CNN
March 25, 1999
 

Paraguay's Senate starts trial of President Cubas

                  ASUNCION, Paraguay (Reuters) -- Paraguay's Senate formally began to try
                  impeached President Raul Cubas on Thursday for freeing a coup leader who is
                  his mentor and is blamed, with Cubas, for the slaying of the vice president this week.

                  A struggle for control of the Colorado Party, which has ruled Paraguay for half a
                  century, turned bloody this week with the death of Vice President Luis Maria Argana,
                  rival of Cubas and of Lino Oviedo, who is the power behind the president.

                  Congress openly blamed Cubas and Oviedo and angrily brought forward
                  impeachment proceedings scheduled for April. Cubas must defend himself
                  against five criminal charges of misuse of power which could result in him
                  being fired and even jailed.

                  In an apparent attempt to diffuse the situation, Cubas put Oviedo under
                  arrest Wednesday. Oviedo was sentenced in 1998 to 10 years in jail for an
                  attempted coup in 1996 but Cubas freed him and defied Supreme Court
                  orders to send him back to jail.

                  But the Senate went ahead anyway with the trial, reading the charges to two
                  lawyers sent by Cubas who said he had "work to do" and could not attend.

                  Unions have been staging a strike since midnight Wednesday demanding
                  Cubas' resignation over Argana's death. Thousands of supporters from both
                  factions have amassed outside Congress, separated by riot police.

                  Followers of Oviedo added to the tension by threatening violence over the
                  airwaves. "Blood will flow here," warned the pro-Oviedo radio station
                  Nanawa, calling on the former cavalry officer's followers to "garrote anyone
                  who opposes us."

                  Oviedo is a populist who has won a large following with his fiery speeches in
                  the Guarani Indian tongue of Paraguay's rural poor. He won party primaries
                  in 1998 but was disqualified from running for office by his jail sentence.

                  Cubas, his running-mate, stepped in and won the contest and Argana
                  became his deputy. But they fell out as soon as Cubas freed his friend and
                  political master in August 1998.

                  Oviedo says Argana's death in a hail of bullets Tuesday is part of a plot
                  against him and Cubas. "It's a calumny by those who want to blame me. The
                  only ones to lose out are myself and President Cubas. It's a cruel plot to
                  destabilize the president," he told the Argentine newspaper Clarin Thursday.

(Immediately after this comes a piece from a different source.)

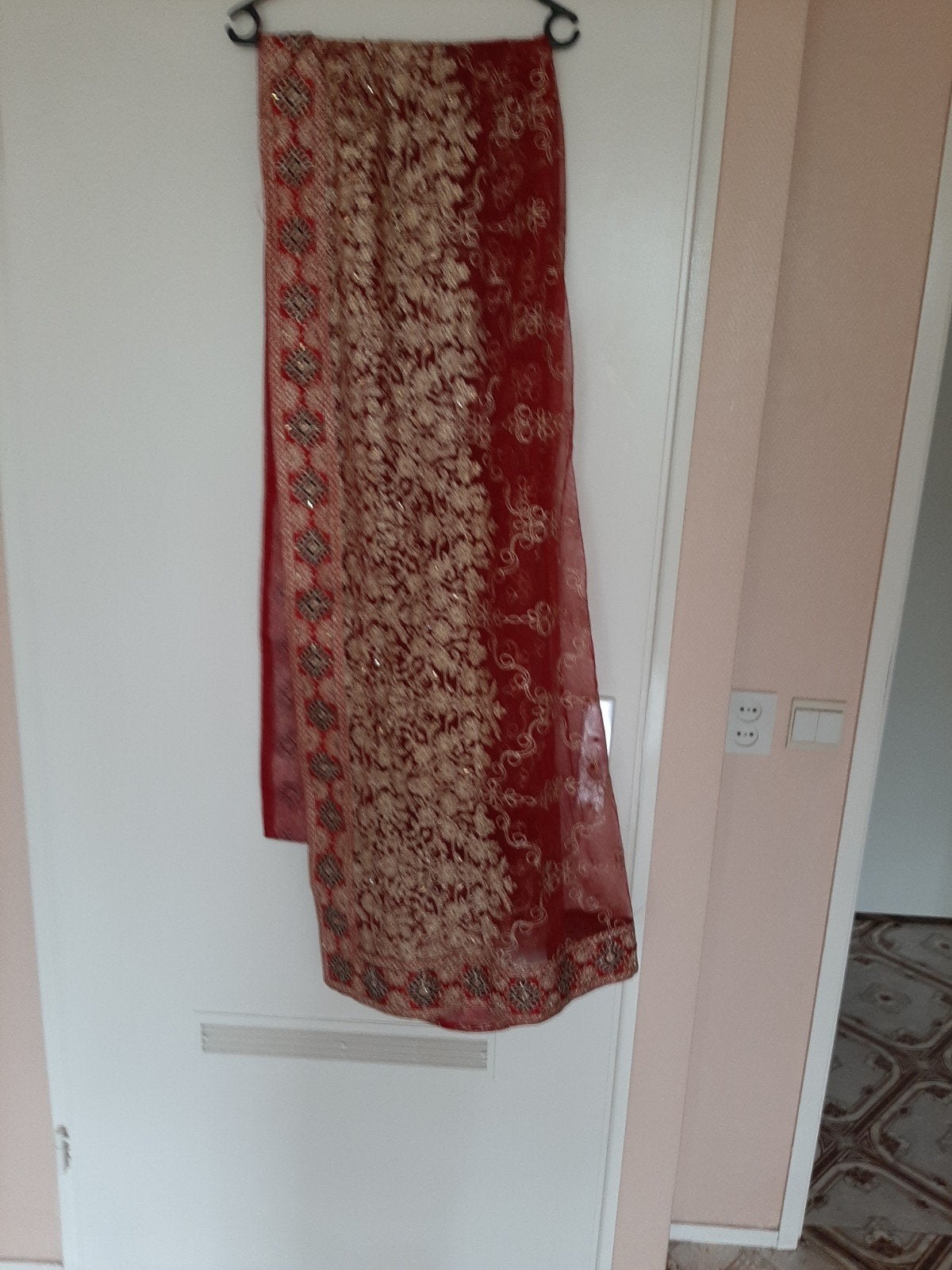 Prachtige Indiase/Pakistaanse  jurk - Rood met goud borduurw, Maat 38/40 (M), Ophalen of Verzenden, Rood, Onbekend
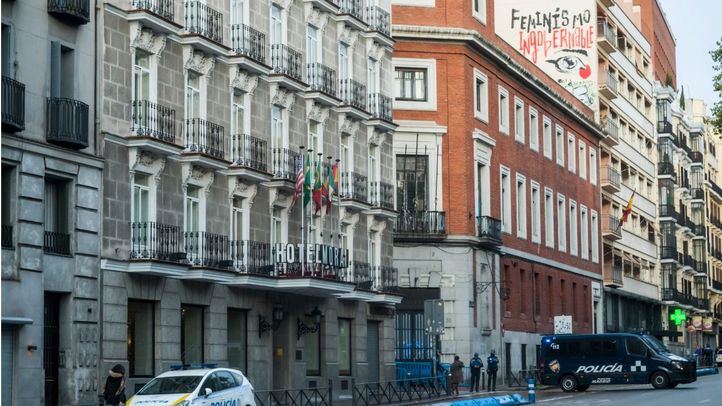 A la derecha, con ladrillo visto, el edificio de Prado 30.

                  Cubas has kept Paraguay's borders closed since Tuesday to help find
                  Argana's killers. He put his brother Carlos in charge of the interior ministry
                  to lead the hunt.

                  "The police are putting all they have into investigating this barbarous murder,"
                  Carlos Cubas told Argentine radio from Asuncion. "The Paraguayan people
                  deserve better than having these killers running free in our territory."

                  Argana's killing has been condemned across the Americas, from U.S.
                  President Clinton to Paraguay's giant neighbor, and partner in the Mercosur
                  trade bloc, Brazil. Amid wild rumors of coups, self-coups and violence, the
                  Mercosur has urged Paraguay to preserve its democracy.

                  Paraguay is a pariah in Latin America, with events like Oviedo's attempted
                  coup against then President Juan Carlos Wasmosy in 1996 embarrassing its
                  reforming neighbors like Argentina and Brazil.

                  The Colorado Party has clung to power, under the corrupt dictatorship of
                  Gen. Alfredo Stroessner then, after a coup in 1989, under elected Colorado
                  governments with a reputation for corruption in a country with a huge
                  black-market economy.